The people demanding justice for Brown are following in the footsteps of their activist forebears. In the 1960s, people like King, Bevel, Williams, Diane Nash, Amelia Boynton Robinson, James Orange and John Lewis demanded the same voting rights as white constituents. Today, new leaders in the contemporary civil rights movement are asking for far less: wide recognition that black lives matter just as much as white lives. The response to their appeals has been no less toxic than the response of Jim Clark and his coterie of officer goons, though we have labored in the interim to craft technology that’s more effective at inflicting harm. That’s not the sort of progress King had hoped for.
In Ferguson, King’s dream is turning to ashes and cinders. Black Americans still have to fight to make their voices heard in 2014 and even with millions of hands on the megaphone, their pleas are still turned aside by the opposition. Law enforcement still has a frightening tendency to dehumanize black faces, to see them as less than human and therefore less deserving of the same devotion to protocol and procedure. (During the Edmund Pettus sequence, I kept waiting for somebody to shout, “Bring it, you fucking animals” before melee commences.) There should be no refrain stating that black lives matter - human lives matter - but there must be, because it is clear that to far too many people in the United States, they do not, and that is its own tragedy.
But hope remains.

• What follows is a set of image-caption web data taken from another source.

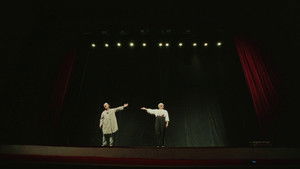 My Family and Other Clowns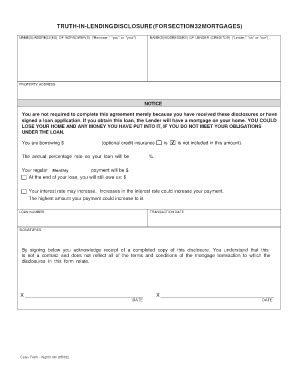 section  form  fill  printable fillable blank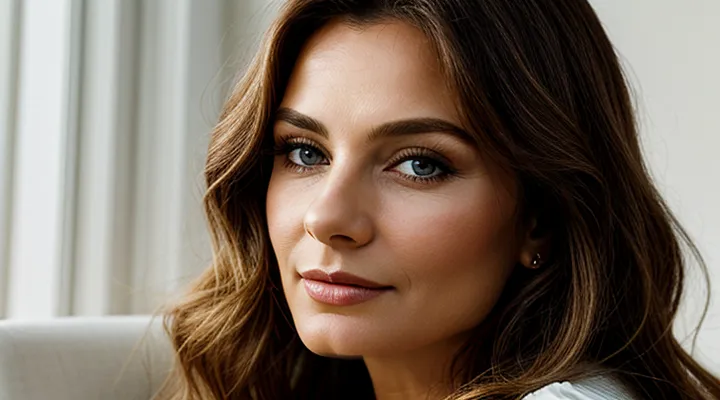 Что такое ФСГ гормон у женщин?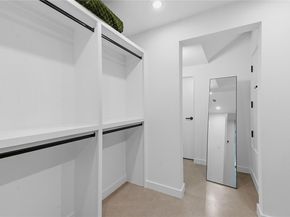 5001 Lynnwood ST, Austin TX 78756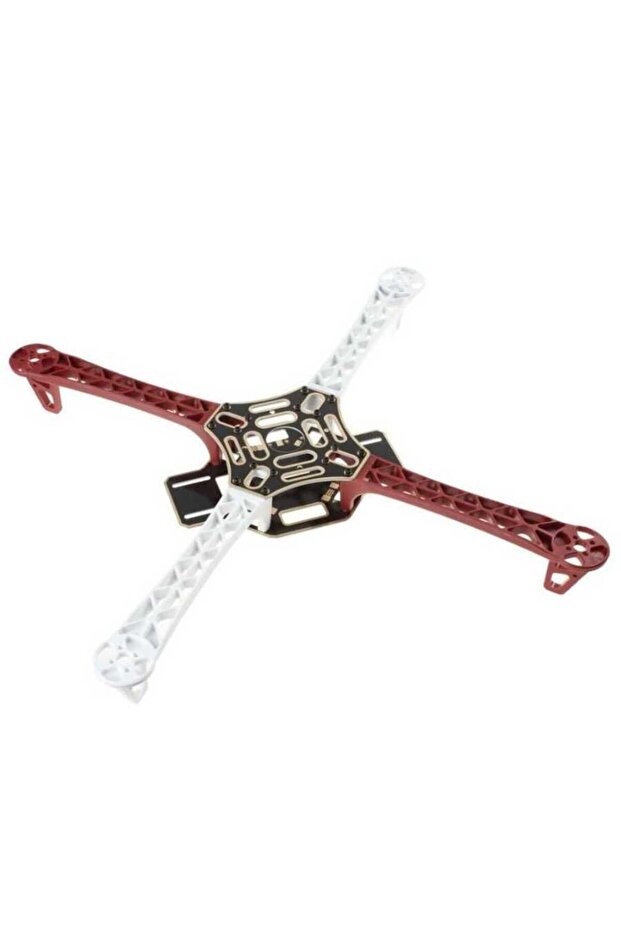 F450 Quadcopter Frame Gövdesi - 1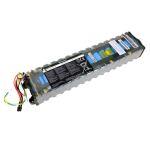 36V 7800 mAh rolleri aku Xiaomi NE1003-H NE1003H NE1003 H jaoks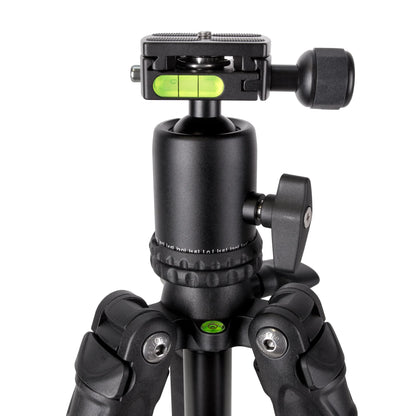 Promaster Scout Series SC426 Tripod Kit with Ball Head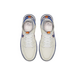 Medicom Toy x Nike Dunk SB Elite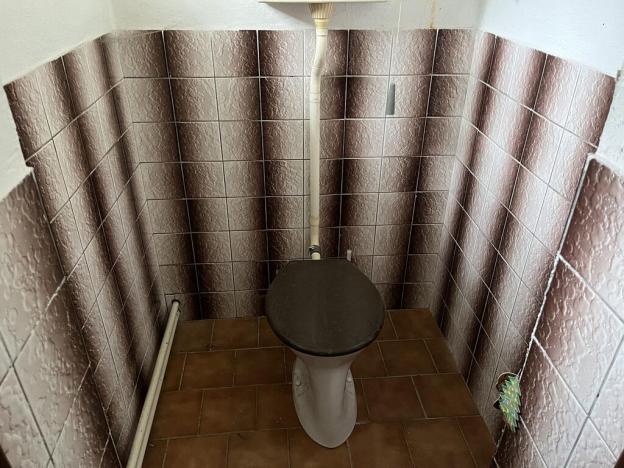 Prodej rodinného domu, Králíky, Jana Opletala, 136 m2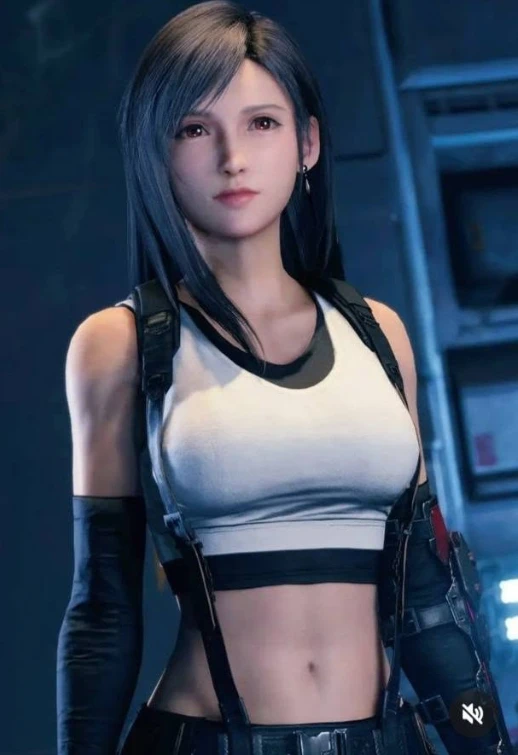 Nữ thần "đẹp nhất" làng game bất ngờ bị thay đổi diện mạo, game thủ tranh cãi tột độ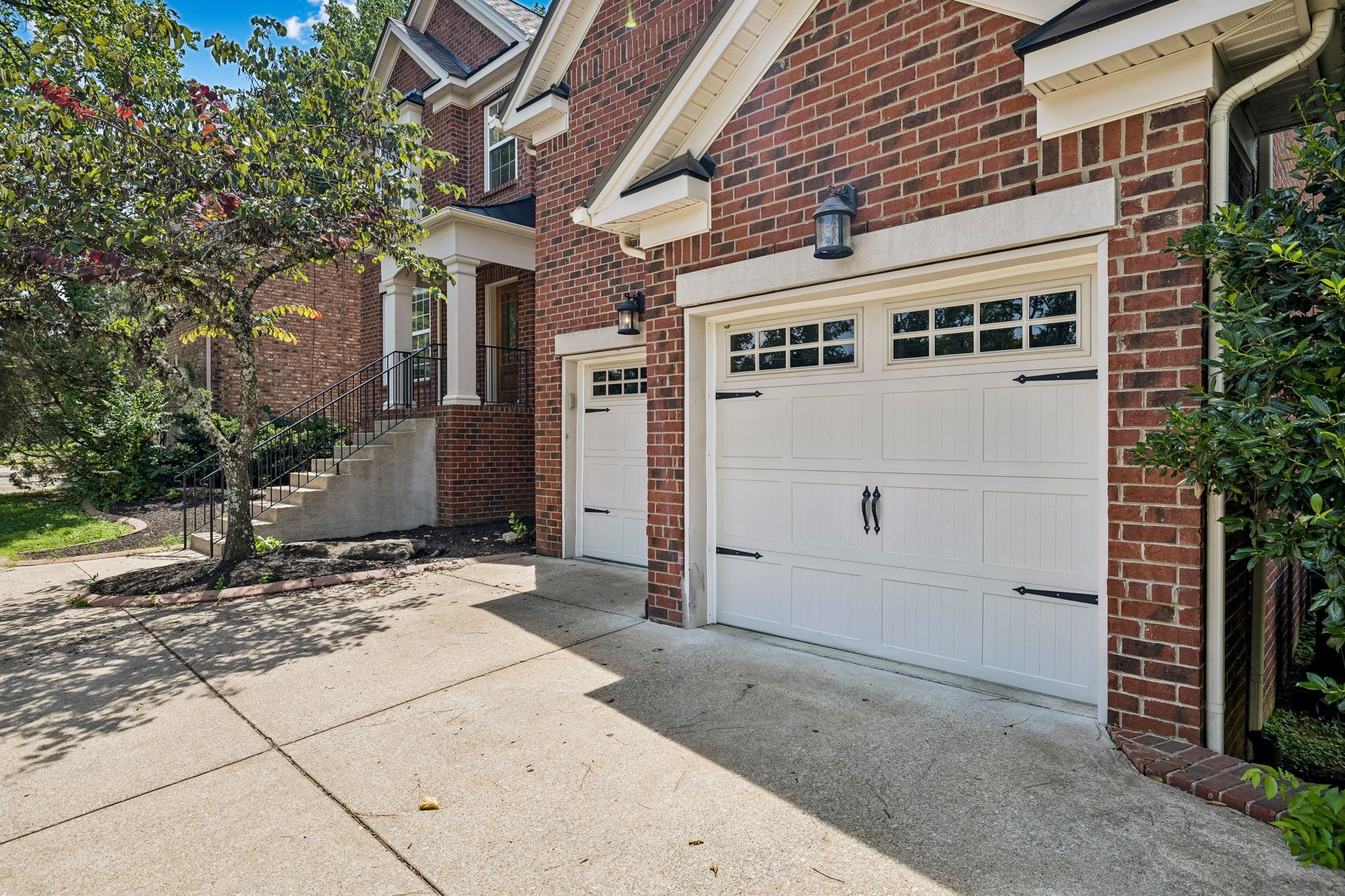 4431 Soper Ave Property Photo 4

Even in the chaotic aftermath of the grand jury’s announcement (which claimed the life of twenty-year-old DeAndre Joshua, found shot to death in his car on the morning of Tuesday, November 25th) King’s dream is not yet snuffed out. And if Selma, an awesome gift from a talented filmmaker, has one underlying message, it is that there is still hope. The ideals King strove for yet live, and that they live not only in his fiery, impassioned speeches or in his great deeds, but in the heirs to his legacy of nonviolent protest. The film offers no hagiography, and makes no bones about King’s humanity. The man strayed. He did wrong. He was cunning and calculating, not in the same nefarious category as a Tywin Lannister or a Hannibal Lecter, but King knew how to fight against the Jim Clarks and George Wallaces of the world without firing a shot. Most of all, though, King knew how to inspire, to lead, to lift people up and give them agency. He was an advocate in the truest sense of the word.
Selma is either an example of a movie choosing its moment, or of a moment choosing its movie. Either way, it’s a film that speaks to the major cultural watershed of 2014, and which for better or worse will act as a lens through which critics, scholars, academics and social commentators of all shapes and sizes will filter the lessons of Ferguson for months (possibly years) to come. The subtext here is the text: don’t give up. Don’t back down. Forty-nine years ago, hundreds upon hundreds of men and women bound together by common beliefs were beaten down, discredited, defamed, humiliated and suffered boundless injuries in the pursuit of their goals. The people who fought against them enjoyed triumph of a manner during their brief tenure as the ruling body, but today we know that they were on the wrong side of history. So too are the people waving signs proclaiming their support of Darren Wilson. It’s a strange, bleak time we live in, but rather than despair we all must do as King himself would have done: Overcome.